It's unsurprising that political leaders would want to convince people that the true criminals are those who expose acts of high-level political corruption and criminality, rather than those who perpetrate them. Every political leader would love for that self-serving piety to take hold. But what's startling is how many citizens and, especially, "journalists" now vehemently believe that as well.
On a more hopeful note, here are a few quotes from speeches or interviews of Julian Assange:
“Which country is suffering from too much freedom of speech? Name it. Is there one?” (source)More at Beginning.
“The aim of Wikileaks is to achieve just reform around the world and do it through the mechanism of transparency.

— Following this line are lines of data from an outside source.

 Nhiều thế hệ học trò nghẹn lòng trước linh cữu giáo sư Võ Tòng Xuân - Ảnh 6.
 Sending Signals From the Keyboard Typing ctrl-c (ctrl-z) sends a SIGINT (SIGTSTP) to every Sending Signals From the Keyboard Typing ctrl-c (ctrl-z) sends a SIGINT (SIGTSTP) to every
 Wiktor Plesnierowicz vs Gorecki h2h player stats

[O]rganizations that have material and want to conceal it are giving off a signal that they believe there will be reform if that material is released.

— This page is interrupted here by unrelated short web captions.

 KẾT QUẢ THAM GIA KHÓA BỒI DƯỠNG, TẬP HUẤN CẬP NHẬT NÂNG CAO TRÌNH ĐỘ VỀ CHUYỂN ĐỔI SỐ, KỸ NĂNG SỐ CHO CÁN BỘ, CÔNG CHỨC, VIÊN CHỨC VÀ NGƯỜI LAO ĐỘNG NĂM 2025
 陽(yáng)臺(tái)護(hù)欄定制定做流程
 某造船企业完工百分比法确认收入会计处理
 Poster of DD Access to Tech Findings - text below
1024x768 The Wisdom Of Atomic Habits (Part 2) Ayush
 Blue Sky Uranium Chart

So we can do things very efficiently by selectively trying to get that material and stick that into the public intellectual record where it can be used by everyone to inform their decisions.” (source)
“What does censorship reveal? It reveals fear.” (source)
"[S]ecret planning is secret usually for a reason, because if it’s abusive it is opposed.
It is our task to find secret abuse plans and expose them where they can be opposed before they’re implemented. Because if they’re exposed by the implementation – by people suffering from that abuse – then the abuse has already occurred and it’s too late.” (source)
“It is impossible to correct abuses unless we know that they’re going on.” (source)
“[W]e in the West have deluded ourselves into believing that we actually have a truly free press. We don’t. And we can see that in the difference between what Wikileaks does and what the rest of the press does.” (source)
"And now we see that the function of censorship has also been privatized.
And what that means is that litigious billionaires and big companies are able to effectively prevent certain things [from] appearing in public.
Or reduce the number of those things appearing in public by using the legal system or by using patronage networks and economic flows to make it unprofitable to talk about certain things most of the time.” (source)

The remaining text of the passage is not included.